Er wechselte aus dem turbulenten Tübingen in das ruhigere Regensburg, seine Herkunftsdiözese. Eine neue Synthese des Katholischen fand er mit seiner theologischen Arbeit für die nachrückenden Jahrgänge allerdings nicht, wohl konnten viel mehr Menschen mit seiner Theologie etwas anfangen als ihm seine Kritiker zutrauten. Das zeigte sich an einer Sendung mit ihm, die den höchsten Zuspruch von den Produktionen der Kirchenredaktion erhielt.
Panzergeneral?
Der polnische Papst setzte auf ihn, ernannte ihn zum Erzbischof von München und dann zum Präfekten der Glaubenskongregation. Für die deutschen Professorenkollegen eine Provokation, einer von ihnen könnte über ihre Lehre bestimmen. Das blieb im Raum stehen, ohne dass es zu einem größeren Konflikt gekommen wäre. Das Image des Panzergenerals, so ein Kenner der Szene, erhielt er durch den zweiten Mann seines päpstlichen Ministeriums, den Salesianer-Pater Bertone, den er als Papst zum Kardinalstaatssekretär erhob. Diese Wahl nannte sogar Kardinal Meisner eine Fehlentscheidung.
Die Herausforderung seines Amtes als Leiter des Vatikanischen Grundsatzreferates und dann als Papst war der sexuelle Missbrauch. Hier hat er entschieden Position bezogen, einige Altfälle, wie den des Gründers der Legionäre Christi, aufgearbeitet und die Regelungen für die ganze Kirche verschärft. Hier zeigt sich, dass er nicht der Konservative war, der deshalb nicht durchgegriffen hätte, weil es dem Image der Kirche schaden könnte, sondern der die Opfer im Blick hatte und sich mit diesen auch getroffen hat; ein Beispiel, dem nur ein Teil der Bischöfe gefolgt ist.

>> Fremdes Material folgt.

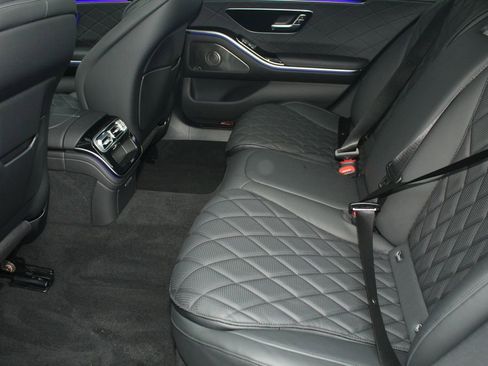 Used 2025 Mercedes-Benz S 580 4MATIC Sedan image 5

Ambivalentes Verhältnis zu Deutschland
Sein Verhältnis zu Deutschland bzw. das Verhältnis der Deutschen zu einem deutschen Papst blieb schwankend, von der Überschrift, der ihm vorher schon zugetanen Bild-Zeitung „Wir sind Papst“, dem Zuspruch der Jugend beim Weltjugendtag in Köln 2005 und seiner eigenen Skepsis, die gegenüber seiner Herkunftskirche blieb. Mit den deutschen Bischöfen kam es zu er merklichen Distanz, als er sich bei einem Deutschlandbesuch ablehnend zur Kirchensteuer äußerte. Allerdings auch der polnische Papst, über viele Jahre von der begeisterten Zustimmung seiner Landsleute getragen, war am Ende seines Pontifikates von Polen nicht mehr so begeistert, hatte sich doch Konsumfreude an die Stelle nationaler und kirchlicher Begeisterung geschoben. Kaum registriert wurden die Reisen Benedikts XVI. in die säkularisierten Länder Großbritannien und Tschechien. Hier gewann er Respekt und dann Hochachtung durch seine Ansprachen, ebenso durch die im Bundestag 2011.
In die Geschichte eingegangen ist er durch seinen Rücktritt und dass er das Papstamt wirklich in die Hände seines Nachfolgers übergeben hat.